Monday, June 20, 2011

Pu'uhonua Cultural Festival

It's summer and time for island cultural festivals. The local cultural festival at the City of Refuge, Pu'uhonua O Honaunau is this weekend, June 24, 25, and 26th from nine to three. There is no fee to attend, and this year is extra special because it's the park's 50-year celebration. The theme this year is:

‘O ka Pu‘uhonua – E a‘o ana mai kūpuna mai no ke au hou e hiki mai ana. Pu‘uhonua –Learning from the kūpuna and guiding us into a new beginning.

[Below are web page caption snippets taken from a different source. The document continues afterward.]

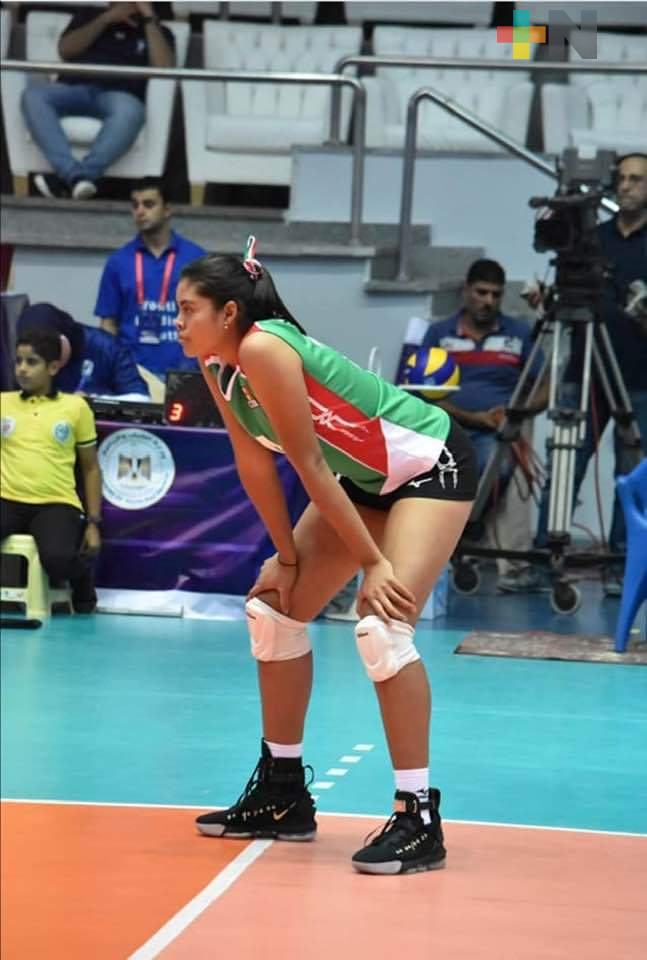 Ximena Cruz convocada a la selección mexicana de voleibol sub-18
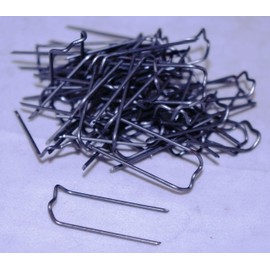 50 German Mossing Pegs/Pins Florist Floral Wreath 30mm x 10mm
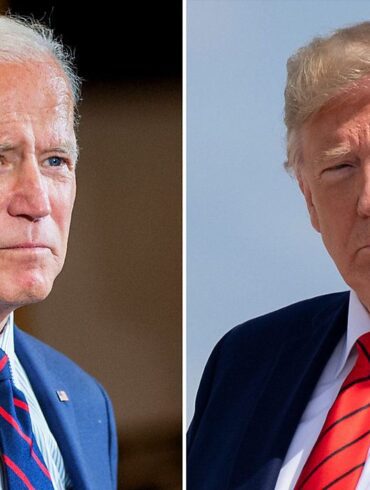Biden y Trump rematan campaña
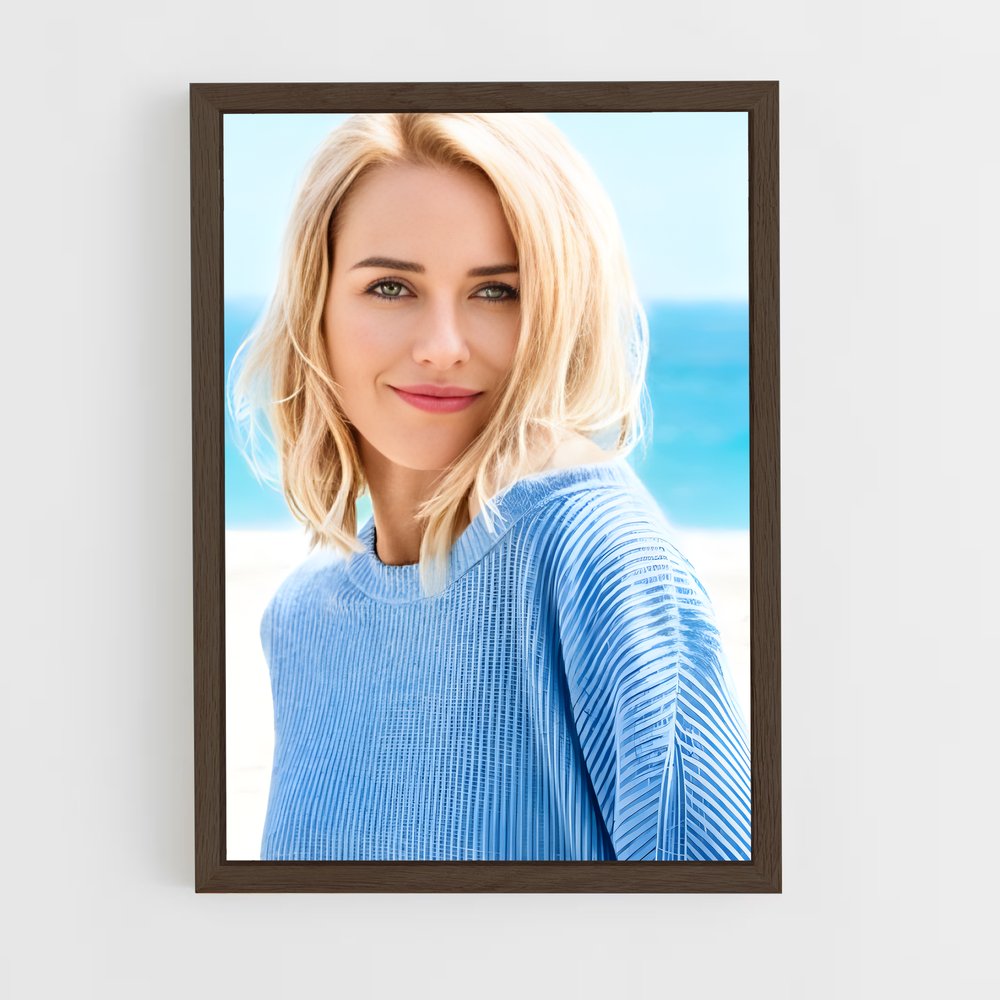 ap-naomi watts-6 cadre Bois foncé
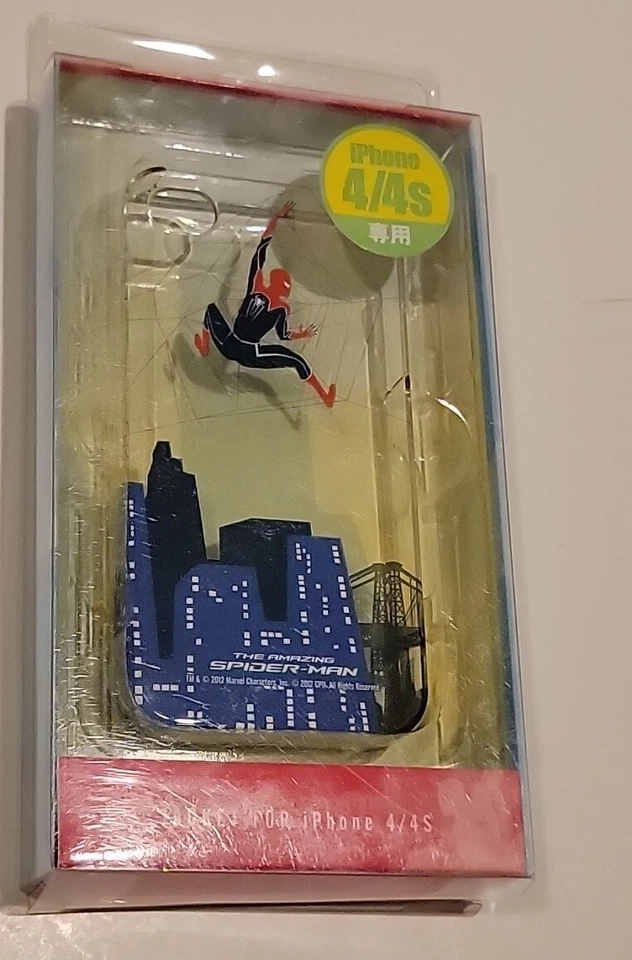 Funda/chaqueta para teléfono celular iPhone 4/4s Marvel Spiderman Foto 2 de 4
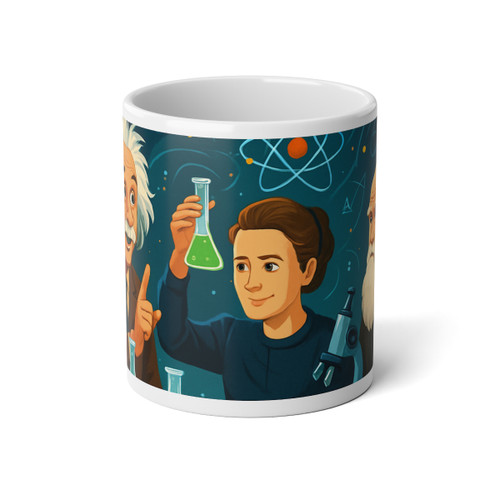 Curiosity Unleashed - Jumbo Mug, 20oz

Pu'uhonua o Honaunau is a definite must-see for visitors anyway (I ramble on and on about it here on the blog) and the cultural festival is fantastic. You have a chance to see traditional hula, taste Hawaiian foods, and observe/learn about/and often try many traditional Hawaiian crafts. For more information, check out the Pu'uhonua website and press release:

http://www.nps.gov/puho/index.htm

Sunday, June 5, 2011

Places we love: South Point

South Point is very famous and shows up in all the tourist literature. The thing is, it’s best to know a little bit about it before you decide to go. It’s not for everyone. We were there recently and as we headed out we ran into a couple who asked us if it was worth it. Chances are, if you have to ask this question, it’s not.

We LOVE South Point. It is one of our favorite places on the island. It is often extremely windy and is known for having extraordinarily clean air. The weather is changeable there, it can be sunny and bright enough to hurt the eyes and burn the skin, and it can also be so stormy you’re likely to be pelted with sideways-flying cold rain. The ocean is rough here, and crashes into the rocky shoreline. The trail to the beach is rough and rocky and runs through cattle pasture. Structures look worn and weather-beaten. It can seem a lonely, barren, isolated place. But I love this about it. It is gorgeous in its wildness.

When you drive south towards the tip of the island from Luana Inn you will pass through several microclimates. There are pockets of rain and green, and there are black desolate stretches of lava rock. The sky can be leaden or brilliant-blue. You reach the turn-off for South Point about forty-five minutes south from here, and then you drive South Point Road out another twenty minutes or so to the end of the road. This road is paved and slow, bordered by some homes, farms, and a wind farm. There are many broad fields and pastures, and lonely stretches of hearty grasses. When you get to the end of the road at the ocean, you park and walk. From here you walk about an hour and a half out the flat, rocky trail along the shore to the Green Sand beach. The beach is named for the olivine deposits that make it look velvety-green.

The hike is not hard, it just takes a little while. The trail is pretty flat and you can sometimes catch a ride with folks who cross it in trucks. There are some huge rocks and it’s rutted and worn so it’s not a good idea to take a rental car down it. You will hear birdsong and wind in the dry grasses, waves crashing, and perhaps the crash of a whale smacking its tail during whale-season. We’ve noticed that they sometimes congregate down here where they’re not harassed by boats. There are no hills nearby so you can see the sky forever. The sun can be so shiny-bright it can hurt. Everything feels clean and extra-bright down here, fresh and raw.

The Green Sand beach glints and shines in the sun. It looks like the result of a huge back hoe coming in and scooping a chunk out of the shore. You have to walk around behind the beach and climb down the back to get to it. (There used to be a ladder.) The water is rough here. You may see local kids playing here, but I don’t think I’d give it a try unless I was extremely comfortable in rough ocean water.

The thing about South Point and the Green Sand beach is that it is so gosh-darned gorgeous. It’s so clean and rough and raw and lots of our guests love this kind of thing. This describes so much of the Big Island, really: untouched, new, overwhelming in its true colors and silence and rawness. You will probably leave an afternoon of hiking at South Point feeling refreshed and very alive.